It contains some interesting examples of funerary art from that period, particularly the large monument to its founder, Edward O'Neil. It fell into neglect and disrepair throughout much of the 20th century, but was cleaned and restored by a local historic preservation group in the 1990s. In 2002 it was listed on the National Register of Historic Places as part of the Historic and Architectural Resources of Albany Avenue, Kingston, Ulster County, multiple property submission (MPS). It is the only cemetery in Ulster County listed on the Register in its own right.
The cemetery is located on the east side of Albany where it turns to the northeast just 400 feet (120 m) east of its junction with Interstate 587 and NY 28, one of the main western entrances to the city. It is a rectangular 1.6-acre (6,500 m2) parcel bounded on the south by a former railroad right-of-way that curves slightly to the southwest. On the north and east its boundaries are the property lines of homes on Albany and Elmendorf streets respectively.
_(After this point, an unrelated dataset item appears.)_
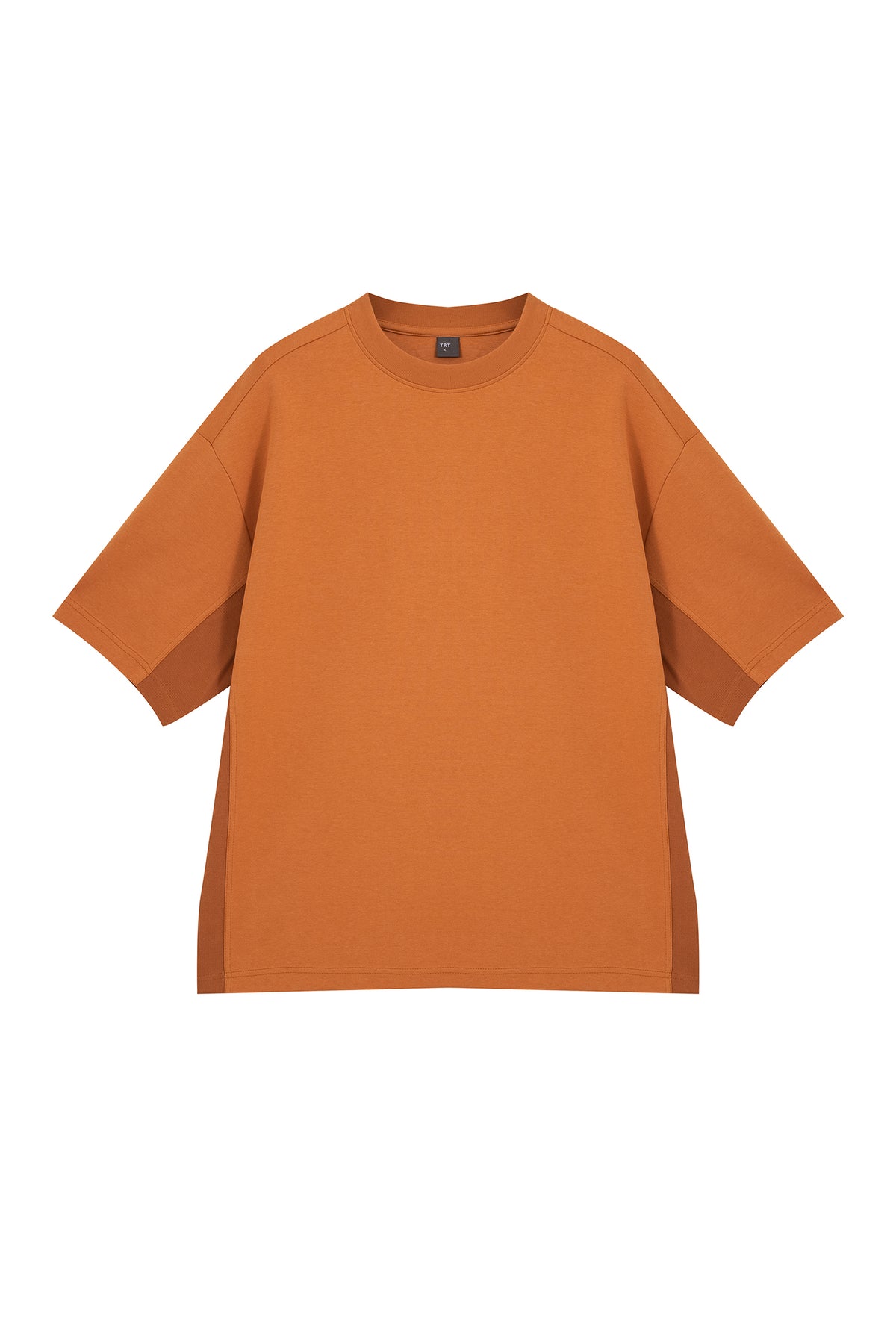 (C) Oversized Waffle Panel Tee - Cinnamon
Its neighborhood is residential, with most houses dating to the late 19th century. Four other houses in the neighborhood, those of John Smith, George J. Smith and Jacob Ten Broeck, as well as 184 Albany Avenue, are listed on the National Register as well.
An iron fence, with gate in the middle, runs along the sidewalk. It is of modern construction and thus not considered a contributing resource to the cemetery's historic character. The cemetery plot is level, with a few mature trees and plantings. The gravestones are located in irregular groupings, with no trace of any grid or plan evident. Two large monuments stand out: a tall vase-shaped marker for Edward O'Neil, and an obelisk for Abraham Hasbrouck, a former state legislator and U.S. congressman.
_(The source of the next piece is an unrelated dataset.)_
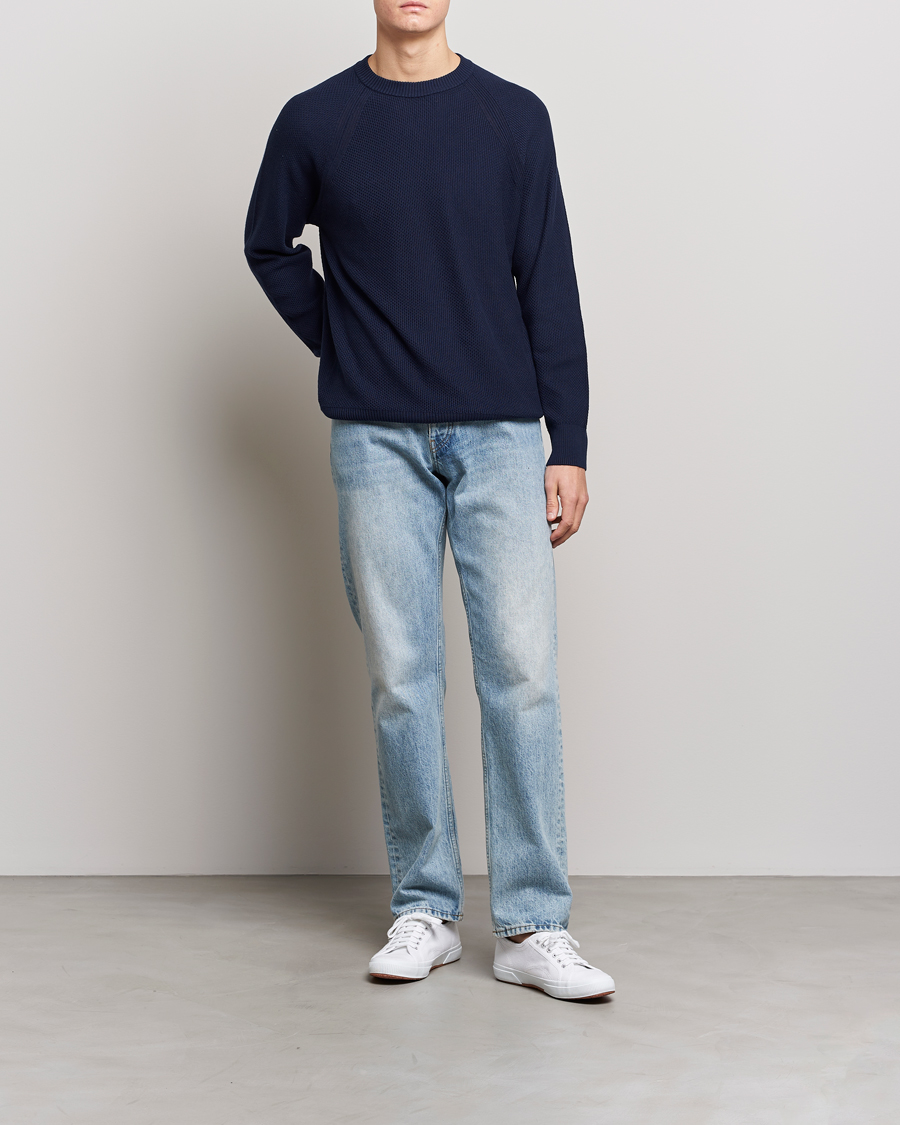 Homme | Pulls Et Tricots | NN07 | Brandon Cotton Knitted Sweater Navy Blue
Records and markers suggest that part of the land was in use as a cemetery as early as 1810. Its formal use for that purpose dates to 1832, when Edward O'Neil surveyed it and made a plan for 210 graves. The lots grew larger from the rear to the front, where subdivisions of 330 square feet (30.7 m2) had been reserved for the major religious denominations in town.
The Sharp cemetery is typical of a post-settlement era. Churchyards dating to colonial times had begun to fill up, and with the village rapidly growing a rural cemetery would have set aside too much land. Burying grounds, usually on the outskirts of communities, were large enough and rationally planned to handle the extra graves for the foreseeable future.
Some of the graves exemplify the funerary art trends of mid-19th century American Protestantism. O'Neil's own grave, from 1856, is in a vase shape with carved laurel wreath, representing his memory. The willow and urn, representing sadness and the soul of the deceased respectively, are also found on a number of graves from this period.
The last burials took place in the 1870s. By then the larger Montrepose and Wiltwyck rural cemeteries had opened further from what was by then the city, and many families had relatives who had been buried in Sharp moved to family plots in those graveyards. A decade later, Nathaniel Bartlett Sylvester wrote in his history of the county that the old Sharp Burial Ground was "very handsome", but appeared to be getting neglected because of all the moved graves.
That decline continued until 1995, when Friends of Historic Kingston (FOHK), a local group devoted to preserving the city's historic buildings, structures and sites, cleaned it up and restored the surviving stones. At this time the fence and gate were also added. FOHK continues to maintain the cemetery.